Cumhuriyet Halk Partisi (CHP) Kadın Kolları Genel Başkanı Aylin Nazlıaka’nın öncülüğünde, 8 Mart Dünya Kadınlar Günü nedeniyle, ; 81 ilde, 973 ilçede eş zamanlı basın açıklaması yapıldı. Basın açıklamasını okuyan CHP Gazipaşa Kadın Kolları Başkanı Nermin Sümbül, dünyanın bütün kadınlarıyla birlikte dayanışma içinde eşitsizliğe meydan okuduklarını söyledi.
Sümbül açıklamasını şöyle sürdürdü: "Her kadın emekçidir. Hatırlayalım: takvimler 8 Mart 1857’yi gösterdiğinde New York’ta 40 bin dokuma işçisi kadın eşit işe eşit ücret ve insanca çalışma koşulları talebiyle grev başlattı. İşverenin işçileri fabrikaya kilitlemesinin ardından çıkan yangında, 129 kız kardeşimiz hayatını kaybetti. Bu ölümler bir son değil, başlangıç oldu. Kadınların haklı direnişi tarihe geçti. Bu mücadele asla unutulmadı. 1910 yılında, 8 Mart tarihi, yangında yaşamını yitiren işçi kadınların anısına, “Dünya Emekçi Kadınlar Günü” olarak ilan edildi. Bugün, insan onuruna yakışır bir yaşam mücadelesi verirken yitirdiğimiz bu kız kardeşlerimizi anma günüdür.
"İÇİMİZDE HEM BURUKLUK HEM UMUT VAR"
Bu sene 8 Mart’ta içimizde hem bir burukluk hem de büyük bir umut var. Üzgünüz çünkü “Sesimi duyan var mı?” diye seslenirken enkaz altında yaşamını kaybeden canların yüreğimizde acısı var. Umutluyuz, çünkü beceriksiz ve liyakatsiz kadrolar tarafından yönetilen ülkemizin kaderini değiştirecek olan örgütlü gücümüz ve kararlılığımız var. Gücümüze güç katan Millet İttifakımız var.

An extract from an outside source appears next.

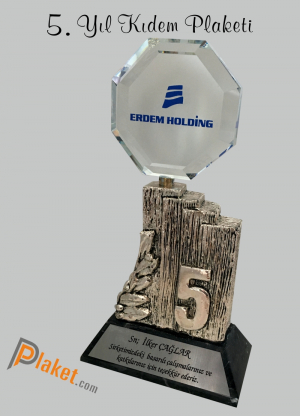 K-001-A  &Ouml;zel Tasarım 5. Yıl Kıdem Plaketi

Yol arkadaşı olmaktan onur duyduğumuz Genel Başkanımız ve 13. Cumhurbaşkanımız Sayın Kemal Kılıçdaroğlu var.
Üzerinden bir ay geçen bu deprem hiç kuşkusuz ki herkesi, ama en çok da kadınları, çocukları, engellileri ve yaşlıları etkiledi. İktidarın eşitsizliği besleyen zihniyeti nedeniyle, bakım yükü afet bölgesinde de kadının sırtında. Derin bir acı yaşayan kadınlar, yüreğine taş basıp yemek yapmak, ailedeki çocuğa, yaşlıya, engelliye bakmak, çadıra su taşımak, çamaşır yıkamak gibi işleri de üstlendi. Halen barınma, tuvalet ve banyo sorunu çözülmemiş olan insanlar var. Bu koşulsuzluklar en çok da kadınları zorluyor.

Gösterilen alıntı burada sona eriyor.